Simplify host networking with Network ATC

Applies to: Azure Stack HCI, version 21H2 Preview

This article guides you through the key functions of using Network ATC, which simplifies the deployment and network configuration management for Azure Stack HCI clusters. This provides an intent-based approach to host network deployment. By specifying one or more intents (management, compute, or storage) for a network adapter, you can automate the deployment of the intended configuration.

If you have feedback or encounter any issues, review the Requirements and best practices section, check the Network ATC event log, and work with your Microsoft support team.

Overview

Deployment and operation of Azure Stack HCI networking can be a complex and error-prone process. Due to the configuration flexibility provided with the host networking stack, there are many moving parts that can be easily misconfigured or overlooked. Staying up to date with the latest best practices is also a challenge as improvements are continuously made to the underlying technologies. Additionally, configuration consistency across HCI cluster nodes is important as it leads to a more reliable experience.

Network ATC can help:

  • Reduce host networking deployment time, complexity, and errors
  • Deploy the latest Microsoft validated and supported best practices
  • Ensure configuration consistency across the cluster
  • Eliminate configuration drift

Definitions

Here is some new terminology:

Intent: An intent is a definition of how you intend to use the physical adapters in your system. An intent has a friendly name, identifies one or more physical adapters, and includes one or more intent types.

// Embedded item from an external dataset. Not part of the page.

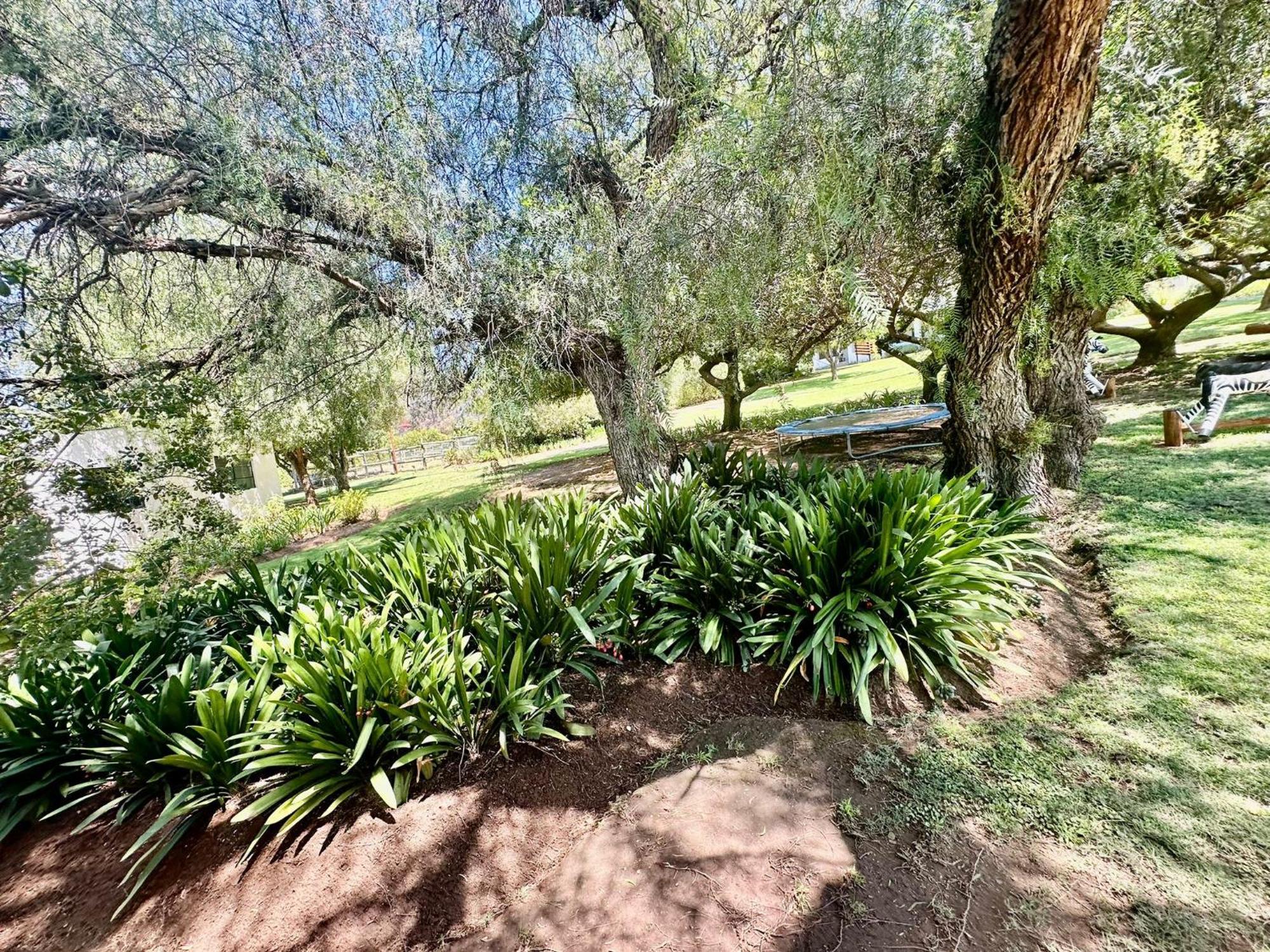 Kranskloof Country Lodge Oudtshoorn Eksteriør bilde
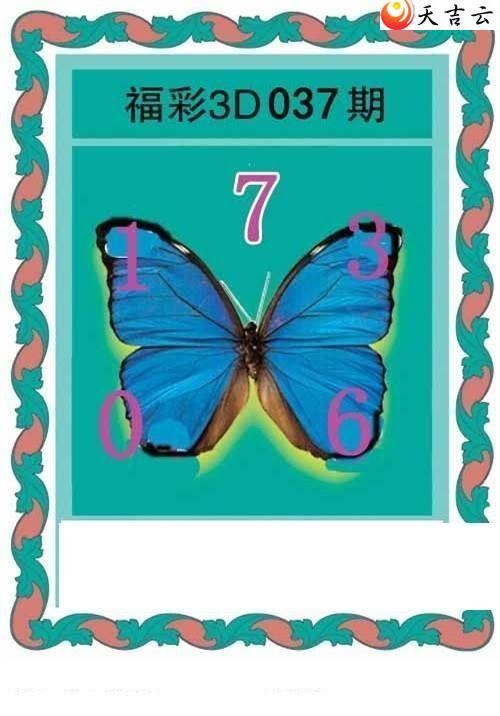 3d037�ں���ͼ��2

An individual physical adapter can only be included in one intent. By default, an adapter does not have an intent (there is no special status or property given to adapters that don’t have an intent). You can have multiple intents; the number of intents you have will be limited by the number of adapters in your system.

Intent type: Every intent requires one or more intent types. The currently supported intent types are:

  • Management - adapters are used for management access to nodes
  • Compute - adapters are used to connect virtual machine (VM) traffic to the physical network
  • Storage - adapters are used for SMB traffic including Storage Spaces Direct

Any combination of the intent types can be specified for any specific single intent. However, certain intent types can only be specified in one intent:

  • Management: Can be defined in a maximum of one intent
  • Compute: Unlimited
  • Storage: Can be defined in a maximum of one intent

Intent mode: An intent can be specified at a standalone level or at a cluster level. Modes are system-wide; you can't have a network intent that is standalone and another that is clustered on the same host system. Clustered mode is the most common choice as Azure Stack HCI nodes are clustered.

  • Standalone mode: Intents are expressed and managed independently for each host. This mode allows you to test an intent before implementing it across a cluster. Once a host is clustered, any standalone intents are ignored. Standalone intents can be copied to a cluster from a node that is not a member of that cluster, or from one cluster to another cluster.

  • Cluster mode: Intents are applied to all cluster nodes. This is the recommended deployment mode and is required when a server is a member of a failover cluster.

Override: By default, Network ATC deploys the most common configuration, asking for the smallest amount of user input. Overrides allow you to customize your deployment if required. For example, you may choose to modify the VLANs used for storage adapters from the defaults. To review the Network ATC defaults, please review Default Values.

Network ATC allows you to modify all configuration that the OS allows. However, the OS limits some modifications to the OS and Network ATC respects these limitations. For example, a virtual switch does not allow modification of SR-IOV after it has been deployed.

Requirements and best practices

The following are requirements and best practices for using Network ATC in Azure Stack HCI:

  • Supported on Azure Stack HCI, version 21H2 or later.

  • All servers in the cluster must be running Azure Stack HCI, version 21H2.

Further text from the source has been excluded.